Programmi di protezione sotto minaccia

Programmi come il Temporary Protected Status (TPS), istituito nel 1990 per proteggere coloro che fuggono da guerre e crisi umanitarie, sono ora a rischio. Attualmente, milioni di persone vivono legalmente negli Stati Uniti sotto questo status, molte delle quali sono cristiane. L’amministrazione Trump ha tentato di revocare il TPS per diversi gruppi, ma alcune misure sono state bloccate da decisioni giudiziarie.

Inoltre, il programma DACA, che protegge i giovani immigrati, è anch’esso sotto minaccia. La cancellazione di questi programmi porterebbe a conseguenze devastanti per le famiglie cristiane, esponendole a deportazioni e separazioni forzate.

L’analisi mette in luce anche il numero significativo di richiedenti asilo, molti dei quali sono cristiani in fuga da persecuzioni religiose. Se le politiche di espulsione dovessero essere attuate come promesso, ci sarebbe un impatto devastante non solo sulle congregazioni cristiane, ma sull’intera società americana.

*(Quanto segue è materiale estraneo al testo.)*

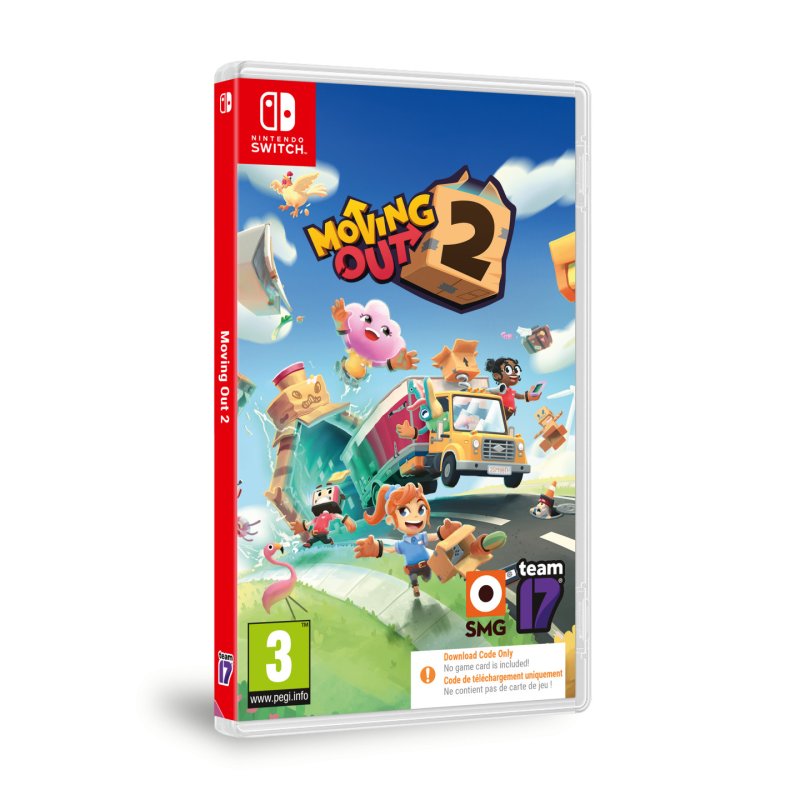 Moving Out 2 (Code in a Box)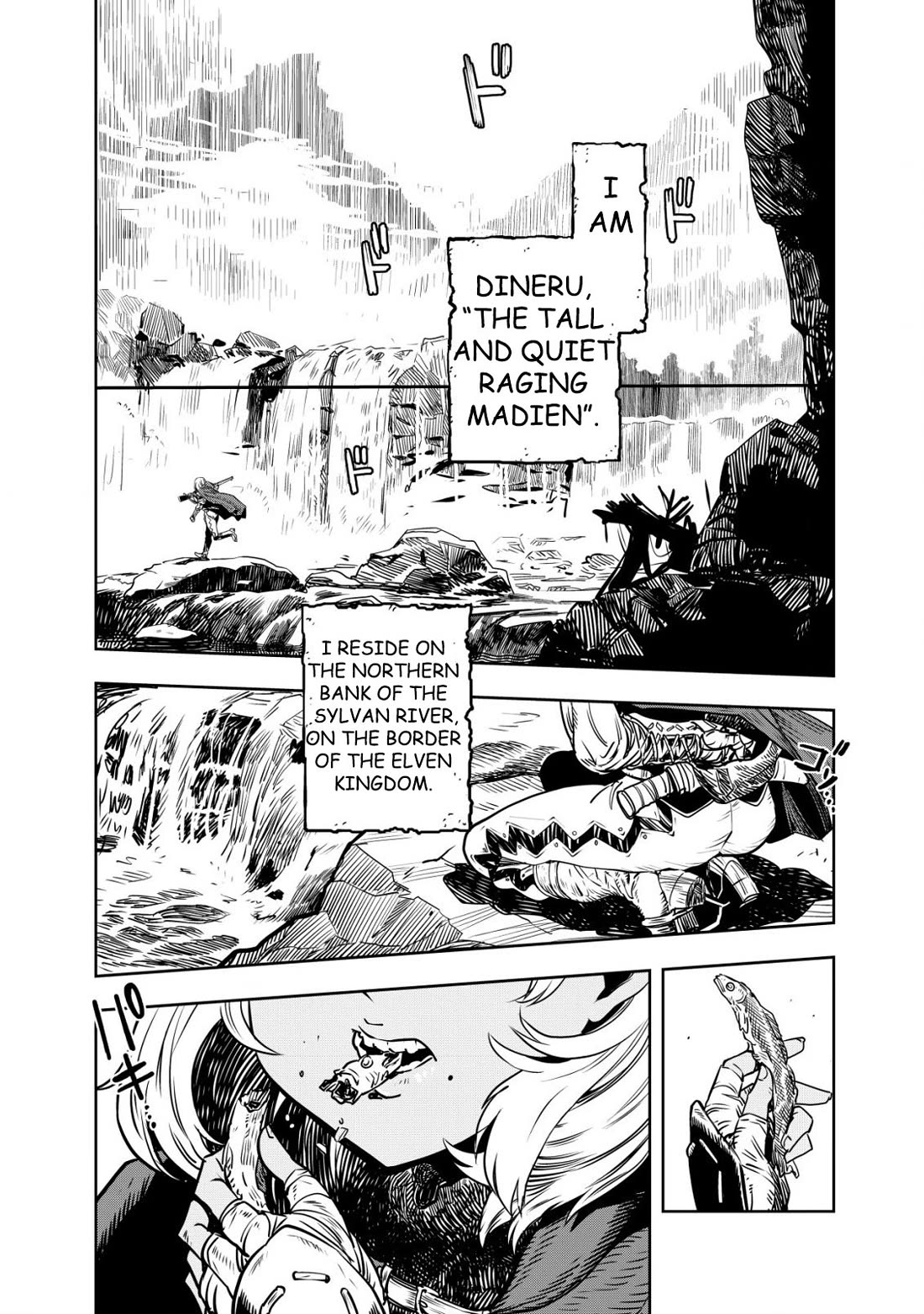History of the Kingdom of the Orcsen: How the Barbarian Orcish Nation Came to Burn Down the Peaceful Elfland Chapter 1 page 7 - Chapter 1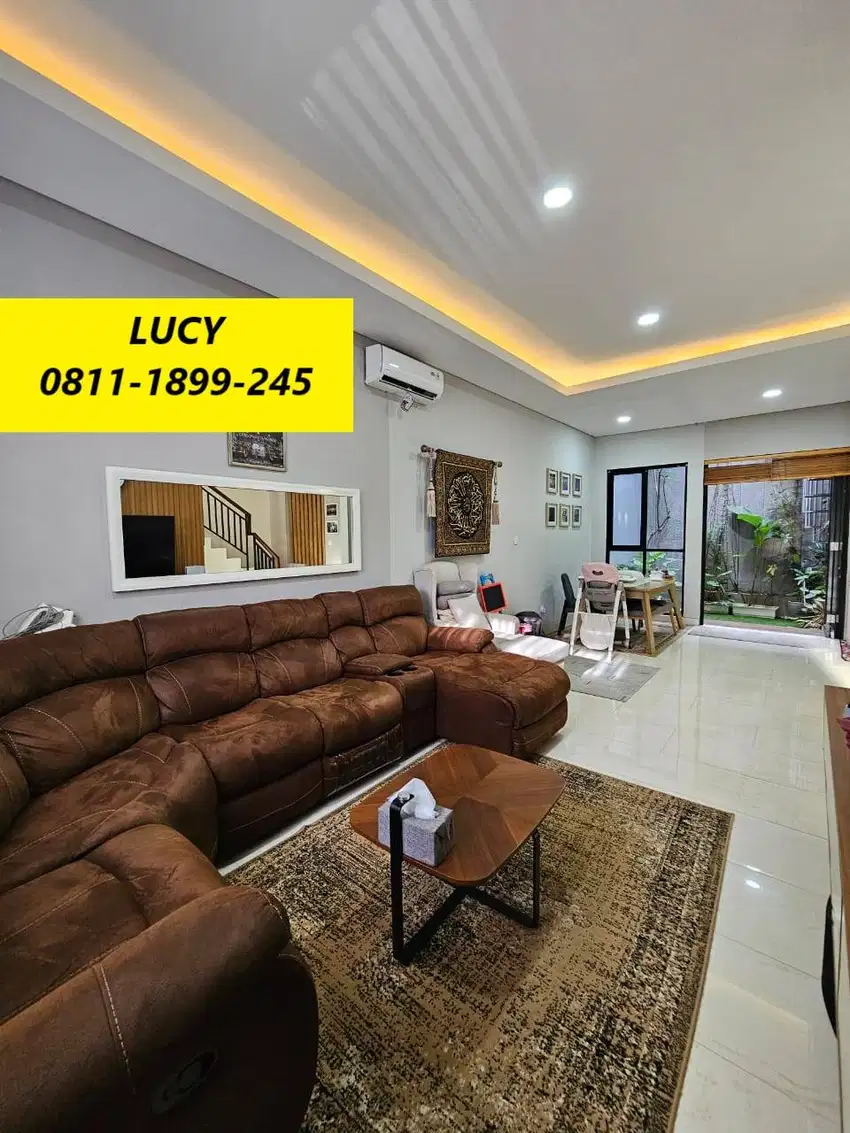 Rumah Bagus Dalam Cluster Area Bintaro Jaya 15657-LR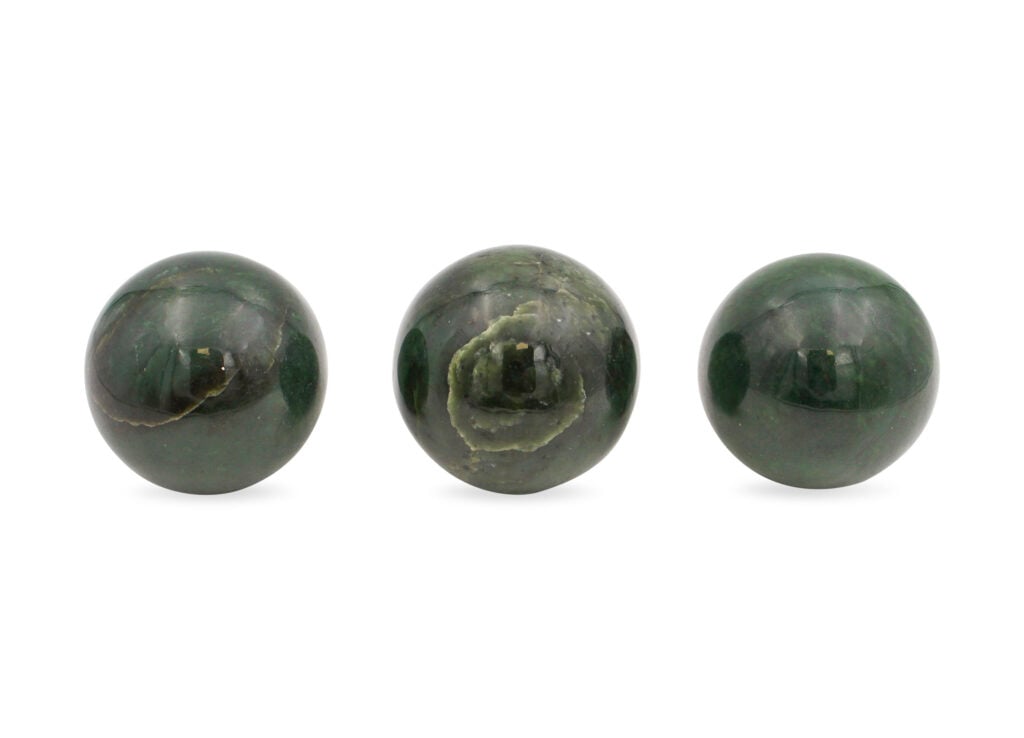 Jade Nephrite Sphere - Crystal Dreams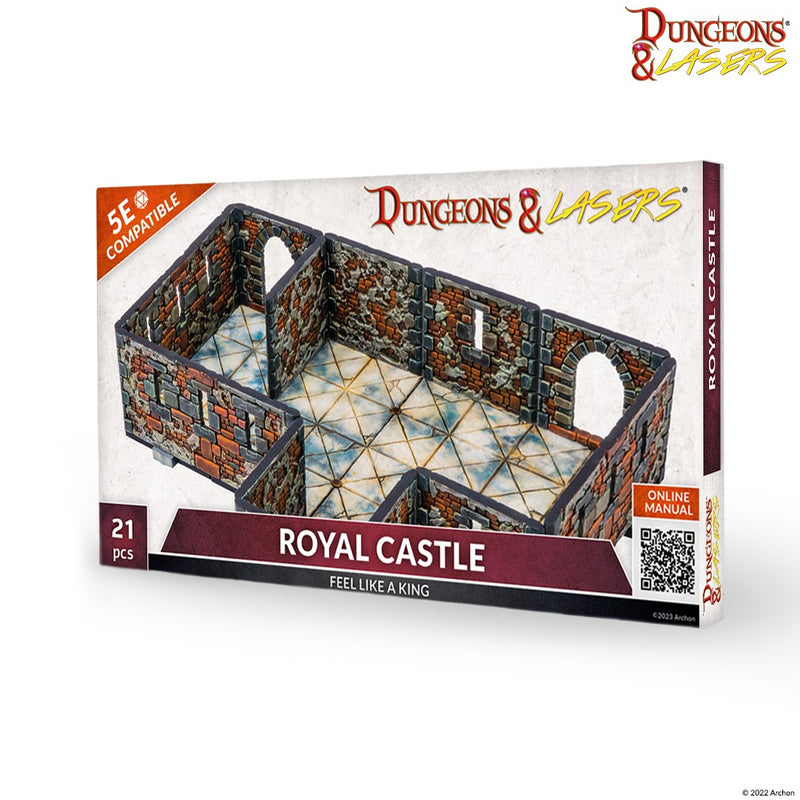 Dungeons and Lasers: Royal Castle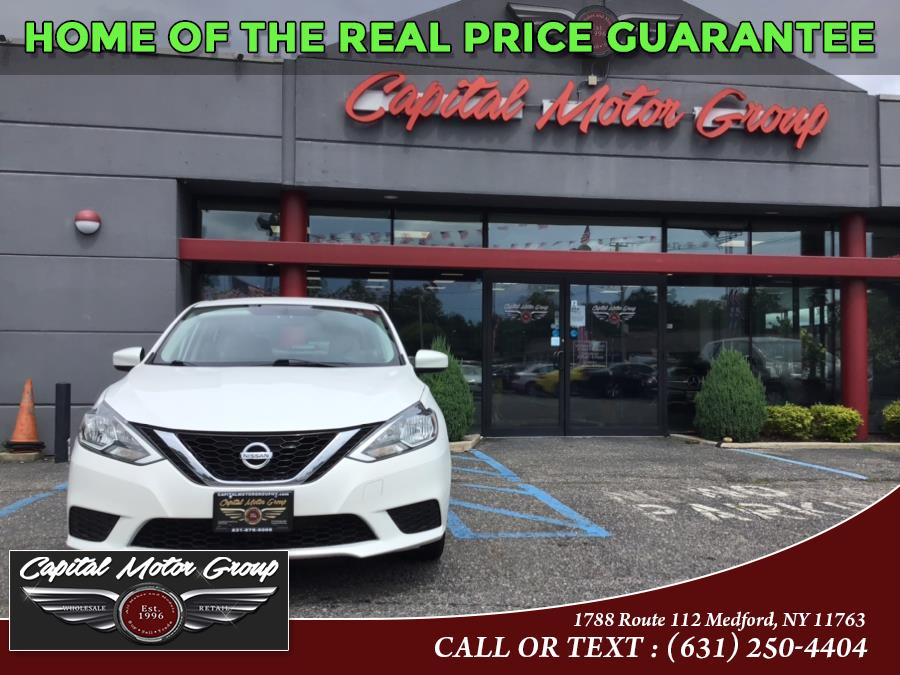 Used Nissan Sentra S CVT 2017 | Capital Motor Group Inc. Medford, New York Used Nissan Sentra S CVT 2017 | Capital Motor Group Inc. Medford, New York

In un momento in cui la fede e la comunità sono messe alla prova, è fondamentale riflettere sulle parole del Catechismo della Chiesa Cattolica, che ci esorta a “riconoscere la dignità di ogni persona umana” e a “lottare per la giustizia”. La situazione attuale richiede una risposta compassionevole e giusta da parte delle autorità, affinché siano rispettati i diritti di tutti, in particolare di coloro che vivono nel timore di essere separati dai propri cari.